Untuk mempersiapkan mahasiswa jika telah lulus agar berguna bagi masyarakat, salah satu elemen pendukungnya ialah aspek keagamaan dan pembenahan mental sesuai agama yang dianut oleh tiap-tiap mahasiswa UGM. Aspek keagamaan khususnya Islam di UGM, memang betul-betul diperhatikan oleh rektorat, fakultas maupun jurusan.
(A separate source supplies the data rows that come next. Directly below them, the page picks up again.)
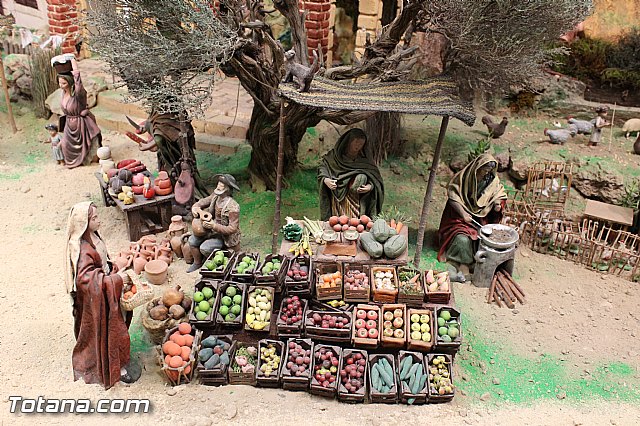 Ms de cuatrocientas figuras y doce misterios componen el Beln Municipal - 8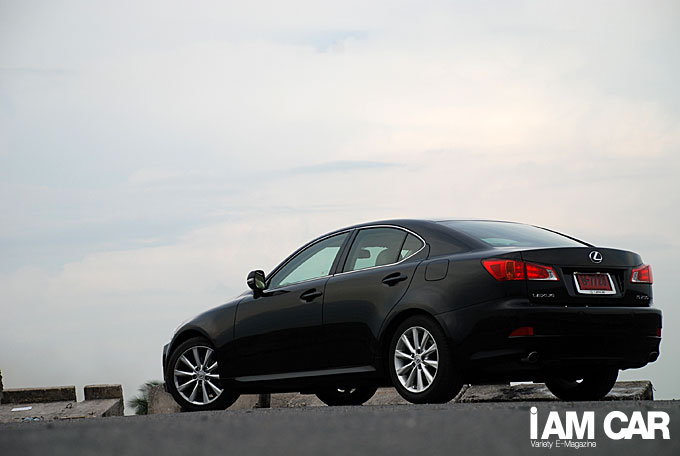 LEXUS is 250 Minor change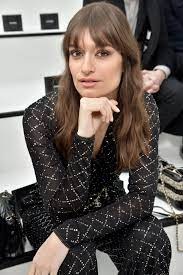 The 'karaoke del desierto' site leads to a holding page which displays text in spanish which, when translated, reads: Clara Luciani Style Clothes Outfits And Fashion Celebmafia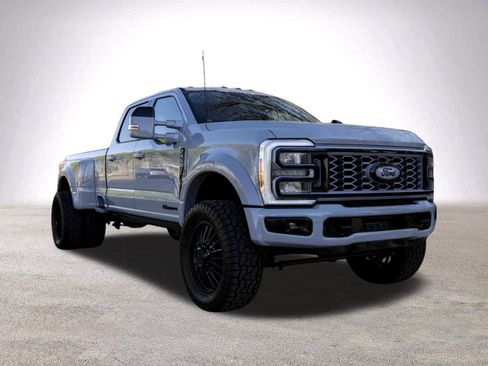 Used 2026 Ford F450 Lariat AWD/4WD image 2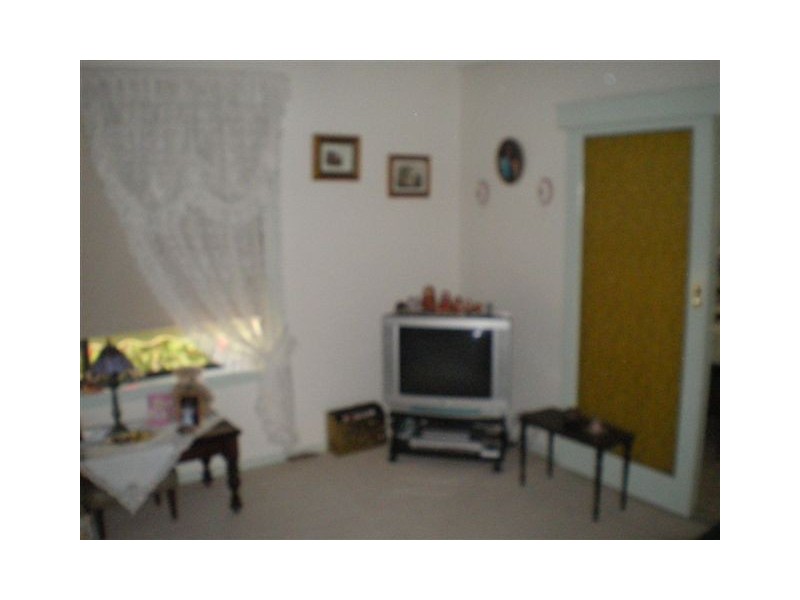 85 Devereaux Street, Warracknabeal VIC 3393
Pandangan ini bertitik tolak pada pandangan umum saja alias penilaian masyarakat awam, coba kita lihat pada tatarangrassroot (tataran kecil, sepele yang sering kita alami), didukung juga oleh kita sebagai mahasiswa yang ikut merasakan dan terlibat dalam segala aktifitas keislaman di kampus UGM.
Aktifitas keislaman, ambil contoh follow up pemandu Asistensi Agama Islam (AAI) dengan model small group dimana satu pemandu (biasanya angkatan senior) membimbing beberapa mahasiswa angkatan dibawahnya. Mekanisme ini secara tidak langsung merupakan cara yang sangat ampuh untuk melakukukan training atau pelatihan lebih mendalam sehingga adik angkatan lebih paham perihal apa yang disampaikan oleh pemandu AAI. Padahal jika kita berpikir ulang, kapabilitas dari pemandu AAI yang notabene merupakan mahasiswa juga patut dipertanyakan.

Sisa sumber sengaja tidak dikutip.